Dear Dad...

Yes this is a letter to my dad. Thing's I am too afraid to say to his face in fear of being kicked out.
Just so you know; Jason is my older brother by 2 years he is 18 and Corrine is my older sister by 9 years she is 25 and she also has a different father, me and my brother have the same.
Also Joey is my dog that died, and Cera is my cat that's still alive.


Dear Dad,

These are just thing's I've always wanted to say to you, but never... Really could. Because I know how much you over react.
So to start, I pretty muchhate don't like you, I never really have. You've always been pretty much a terrible parent. You spent most of my childhood drunk, you never played with me. Never with toys, you were too busy playing cricket or football with Jason. If I asked to join you'd always say no, or if you said yes, you would only play for like five minutes and go and get drunk.
When you did decide to sober up, you became worse than what you were before. It's like you just can't handle reality.
You've always acted like a five year old, chucking tantrums, stamping your feet, yelling and ignoring people just like a little kid.
You were terrible with that when you were an alcoholic but when you became sober you got worse, crazy, so pathetic it's just.. Sad. I hope I never turn out like you.
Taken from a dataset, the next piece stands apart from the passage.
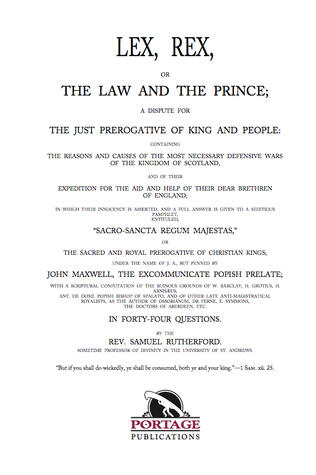Lex, Rex, or the Law and the Prince: A Dispute for the Just Prerogative of King and People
I remember you were my hero until I was about three, when I figured out what kind of person you are. After I realized why you hit me, just because.. Just because you were drunk? You wack away at me, hitting anywhere, hitting so hard you didn't realize.. You only hit me, not Jason.. Well sometimes Jason but maybe only once or twice a week.. With me.. Like ten or fifteen. You couldn't hit Corrine because she's not your kid, you could get in trouble. If she told her dad he'd take her away, and you know how much that would hurt mum, you couldn't do that to her... You 'love' her too much don't you?
Maybe you should love me, you know your only daughter?
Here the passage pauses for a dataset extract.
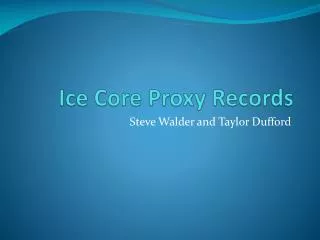 Ice Core Proxy Records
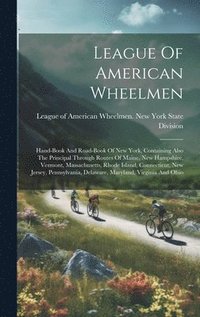 bokomslag League Of American Wheelmen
Half of the time, I didn't even think you had a reason to hit me.. You just did. You left so many bruises, sometimes even cuts. I'd cry so hard, so so hard. But that didn't stop you did it? No. You would just hit harder.. And harder. You probably don't remember hitting me, maybe you were just too dunk.
You say you'd never hit a woman, you really just mean mum. I wasn't a woman.. So you could hit me as much as you wanted to. Why not Jason? Is it because he knew the best hiding places or because he's a male? Hmm.
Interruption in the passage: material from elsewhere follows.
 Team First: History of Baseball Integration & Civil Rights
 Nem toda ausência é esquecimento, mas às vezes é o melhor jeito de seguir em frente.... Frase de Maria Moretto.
I remember the first time I stood up to you. I told you that you were so selfish and heartless, I think I was like eight. I was playing with my Barbie Horse and Cart in the kitchen, you came up and smashed it, you threw it at the bench.. I can picture the horse smashing in my mind. I remember exactly what happened. I loved that horse doll so much, I would brush it's hair, do it up all pretty. It was a like a pet, we had two pets when I was a kid. But I was always scared to go near them, in case you kicked me like you kicked them. There was this one time, I was like six or seven, you had your drinking buddies over. You were all in the backyard and Joey got let outside, he was scratching at the door, I remember he loved you and I just don't get why he did. He came up to, obviously wanting a pat, but you kicked him.. You just kicked him.. It looked so hard.. You kicked him so hard in the ribs, you left a bruise I had no idea animals could bruise, but he did.. He yelped.. He yelped so loud you could've heard it five blocks away. He went back not giving up, still wanting a pat, but you kicked him again... I don't know why you did it again. But this time.. The yelp was louder.. Soo much louder.. And the bruise.. Even bigger. And all you and your 'buddies' could do was laugh.. Just laugh. It's probably your fault he got sick.. It's you fault he died. When we took him to the vet to put down, all you could say was 'Oh yeah.. Goodbye Joey.. Miss ya' buddy' in the most sarcastic tone. You even made Jason cry. We miss him. You don't, do you?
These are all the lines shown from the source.